Rusia dalam krisis serius yang berdampak pada perekonomian pada musim gugur tahun 1999, setelah pengeboman apartemen di Moskow dan sejumlah kota-kota Rusia lainnya menewaskan lebih dari 290 orang. Yeltsin saat itu sedang tidak sehat dan tidak sadarkan diri. Orang-orang dekat Yeltsin mulai putus asa mencari penggantinya. Mereka mencari sosok yang bisa menyatukan Rusia.
Sosok Putin menjadi pilihan setelah beberapa pekan usai pengeboman di Moskow, Putin merilis ancaman publik yang membuat sosoknya tertanam dalam hati rakyat Rusia. Ancaman itu ditujukan untuk militan Chechnya yang dianggap bertanggung jawab atas pengeboman itu.

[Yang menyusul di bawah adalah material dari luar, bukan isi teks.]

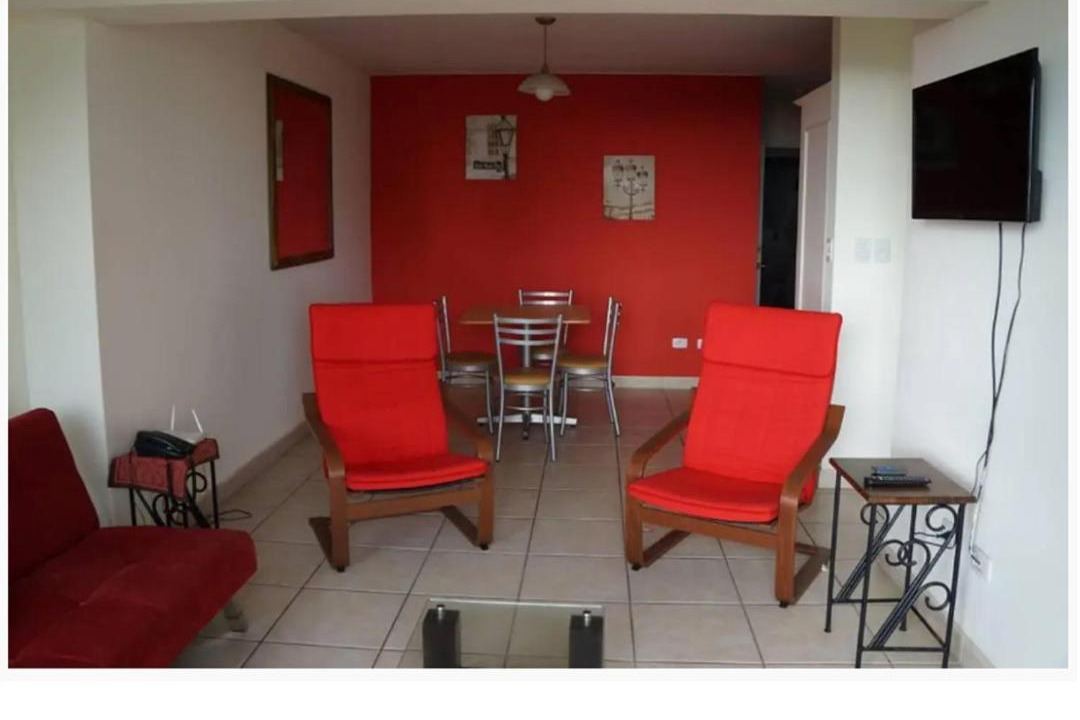 Photo of Livingroom in Santa Cruz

"Jika kita menangkap mereka di toilet, kita akan menghancurkan mereka," demikian bunyi ancaman keras Putin saat itu.AGEN CASINO TERBAIK
Bahasa kasar itu mengejutkan rakyat Rusia, namun diterima secara baik. Citranya sebagai pria tangguh mampu mencuri perhatian rakyat Rusia. Dengan restu Yeltsin, Putin mencalonkan diri dalam pilpres 2000. Dia melontarkan janji untuk menjadikan Rusia kembali hebat.
Tahun 2000, Putin menang pilpres dengan mudah. Bahkan dia menjabat periode kedua pada 2004-2008. Pada dua periode pertamanya, Putin melejit dengan adanya pemasukan besar dari sektor minyak dan gas, yang menjadi ekspor utama Rusia. Standar kehidupan sebagian besar rakyat Rusia meningkat. Kebanggaan nasional dan stabilitas dirasakan rakyat Rusia. Namun sebagai dampaknya, demokrasi Rusia mulai tergerus. AGEN CASINO TERBAIK
Pada pilpres tahun 2009, Putin dilarang oleh Konstitusi Rusia untuk menjabat Presiden pada periode ketiga. Dia lantas menjabat Perdana Menteri Rusia. Namun tahun 2012-2018, Putin kembali menjabat Presiden Rusia setelah menang pilpres. Dalam pilpres terbaru tahun ini, Putin menang telak 76 persen dan akan menjabat untuk periode keempat hingga tahun 2024 nanti.